Wednesday, December 13, 2006

Volatility is a curse

It is surprising why fundamental analysis are using standard deviation or dispersion related statistical term to measure the risk of a stock. In common sense, it does not bring any true meaning at all to individual investors. For institutional investors, it is some how argued that, measuring risk using standard deviation means that institutional investors want to have a smooth return on the entire portfolio. This sound a bit logical as institutional investors often like to stabilize the return with passive portfolio management technique and spent more of their time to market their investment product and convince the public why they should continuously earn a 1.5% management fees.

In fact, as an individual investor, risk should never be measure with standard deviation. Instead, risk could be more objectively measured with potential loss from enter to cut loss point.

While maintaining a balance point of view and trying my best to rationalize why the many investment community still keep learning traditional finance theory to measure risk using the dispersion concept, I found a reasons:

Whenever the market is topping and people are acting irrational, the price volatility is often great and thus produces a high risk scale from the measurement of standard deviation. (OMG, seems like not true also, people are using standard deviation from the entire historical data, not using a standard deviation with embedded moving average formulae)

Sadly, even the most convincing reason couldn’t convince me why we should use a standard deviation to measure risk. The concept of total portfolio to me is just a truly ignorance on which stock to pick in the investment process.

It is indeed a stupid question to consider about, to consider the strategy from those dreamers who never play stock before.

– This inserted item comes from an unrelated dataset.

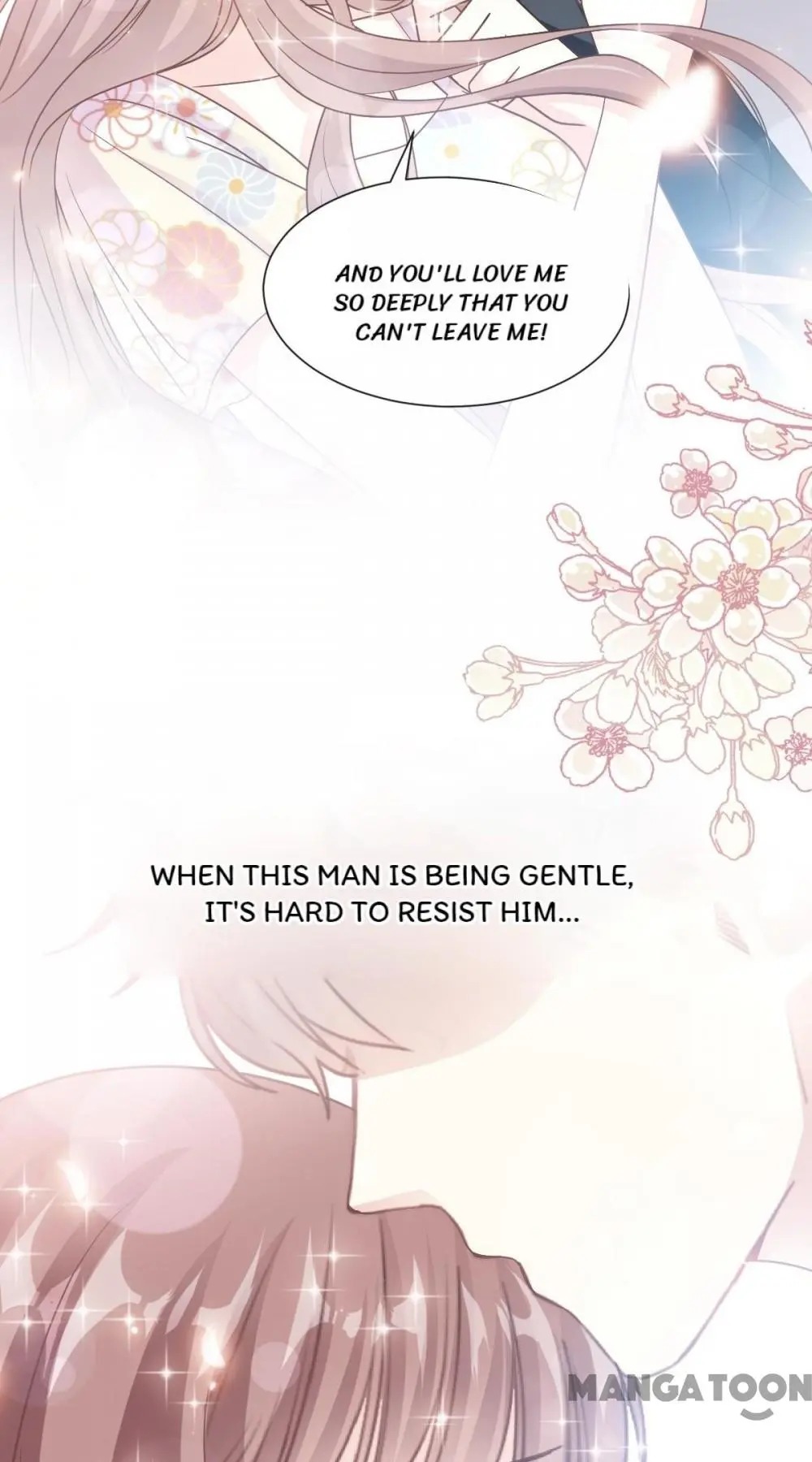 Love Me Gently, Bossy CEO chapter 59 - page 20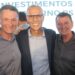 Doutor Ricardo contemplado com R$ 800 mil no Programa Pavimenta 2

Nonetheless, I wish to end this with some useful idea. Volatility is indeed a curse. Surprisingly, none of the famous technical analysis books seem to touch on this topic. The argument is simple. High volatility tends to stop some investors out of the game. And sudden spike without support from inspiring fundamental changes in the company itself should be viewed as a golden opportunity to take profit. After all, ask yourself this question: “Are you willing to buy a stock when the price shoots up suddenly but it doesn’t has any changes in the fundamental value?” Unless mindless and blind TA hardcore (which jump into every breakout), nobody will go in. People will tend to wait for the price to drop back to the near the original level because they have strong anchor to the old pricing level. If so, who else will buy the stock with sudden spike? Who are going to push the price higher?

Moral of the story: Highly spike is god given, don’t be greedy and nail down the profit.